## Your goal:
Copy out each line of the data holding "concept".

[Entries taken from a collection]
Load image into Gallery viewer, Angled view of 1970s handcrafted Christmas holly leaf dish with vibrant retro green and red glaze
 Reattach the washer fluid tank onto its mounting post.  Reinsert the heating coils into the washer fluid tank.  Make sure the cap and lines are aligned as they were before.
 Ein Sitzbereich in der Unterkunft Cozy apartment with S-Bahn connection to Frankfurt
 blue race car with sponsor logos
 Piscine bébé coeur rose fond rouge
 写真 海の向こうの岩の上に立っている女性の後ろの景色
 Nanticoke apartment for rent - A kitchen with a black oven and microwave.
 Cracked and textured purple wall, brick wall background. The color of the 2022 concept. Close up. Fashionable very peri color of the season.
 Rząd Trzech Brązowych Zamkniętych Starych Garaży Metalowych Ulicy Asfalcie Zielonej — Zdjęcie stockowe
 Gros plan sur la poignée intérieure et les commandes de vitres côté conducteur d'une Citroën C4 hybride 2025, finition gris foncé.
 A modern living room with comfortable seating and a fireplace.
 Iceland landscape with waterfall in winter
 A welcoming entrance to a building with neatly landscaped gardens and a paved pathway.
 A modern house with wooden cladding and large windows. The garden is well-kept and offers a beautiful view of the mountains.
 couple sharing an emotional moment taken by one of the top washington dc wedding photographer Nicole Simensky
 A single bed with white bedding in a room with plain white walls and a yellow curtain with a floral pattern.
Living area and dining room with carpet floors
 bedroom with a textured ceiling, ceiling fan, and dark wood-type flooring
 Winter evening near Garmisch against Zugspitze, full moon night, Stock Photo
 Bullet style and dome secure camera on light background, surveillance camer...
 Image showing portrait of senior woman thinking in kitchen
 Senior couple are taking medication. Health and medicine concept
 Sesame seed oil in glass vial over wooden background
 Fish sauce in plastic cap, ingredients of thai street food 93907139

## Task output:
 Cracked and textured purple wall, brick wall background. The color of the 2022 concept. Close up. Fashionable very peri color of the season.
 Senior couple are taking medication. Health and medicine concept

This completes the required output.